The relationship between Tfh and Tfr cells was not fully understood. Based on the current evidence, Tfh cells may suppress the generation of Tfr cells through secreting IL-21, and IL-21 may play a critical role in the maintenance of Tfh and Tfr cell balance [47]. It was reported that IL-21 was able to suppress Tfr cell-mediated suppressive effects on B cells [48]. In turn, Tfr cells can impair Tfh cells [49]. Taken together, the direct relationship between Tfh and Tfr cells is still unclear.

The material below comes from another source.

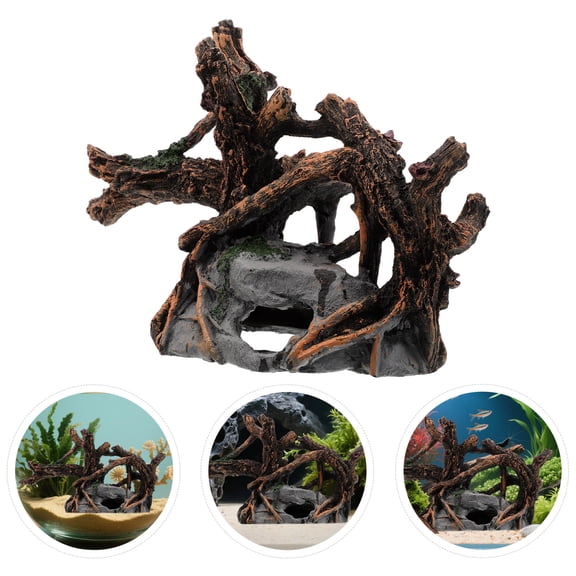 LOLIPPYY Resin Tree Trunk Aquarium Ornament, Realistic Decor for Freshwater and Fish Tanks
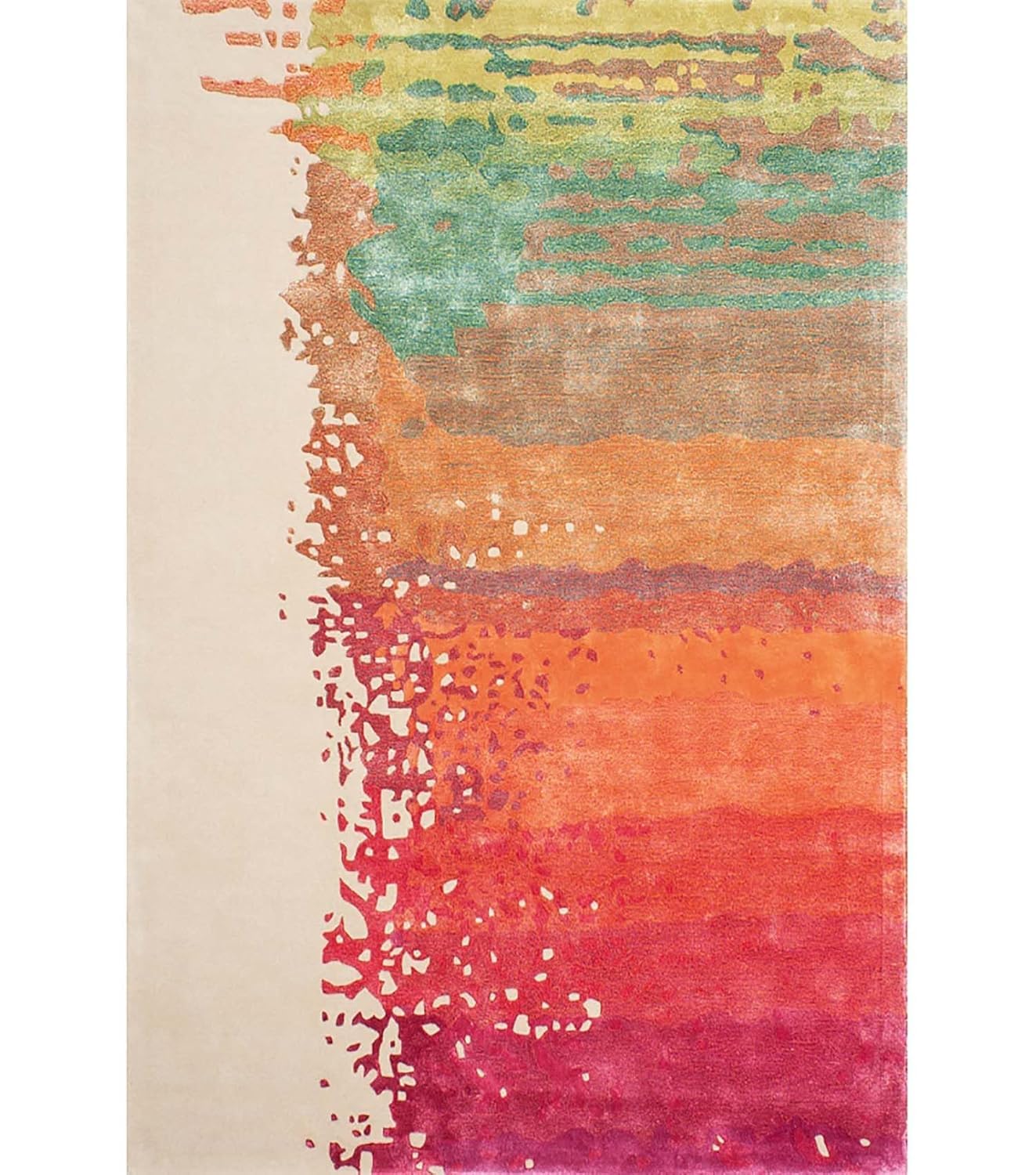 Terracotta Abstract Wool & Viscose Carpet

Serial measurements of Tfh and Tfr cells in patients with AAV or in vitro experimental studies may help uncover the causative correlation of Tfh and Tfr cells.

There are some limitations in the present study. The sample size was relatively small. The differences in terms of Tfh, Tfr, Tfh1, and Tfh2 subsets between seronegative and seropositive patients could be analyzed with a larger number of cases. The changes of the Tfh/Tfr ratio that we found in the present study may be not specific to patients with AAV. Changes of the Tfh/Tfr ratio may also be present in other autoimmune diseases such as lupus nephritis, which needs to be tested in future studies. Another limitation is that we only selected patients who achieved remission with standard therapy. The comparison between patients with remission and refractory patients should be helpful to define the utility of Tfh/Tfr as a prognostic factor in patients with AAV. In addition, analyzing the relationship between AAV relapse and Tfh/Tfr or IL-21 levels should be helpful in the prediction of AAV relapse.

5. Conclusion

In conclusion, circulatory Tfh/Tfr ratios, Tfh2/Tfh1 ratios, and plasma IL-21 levels are increased in patients with AAV and may be associated with disease activity, renal injury, and remission in patients with AAV.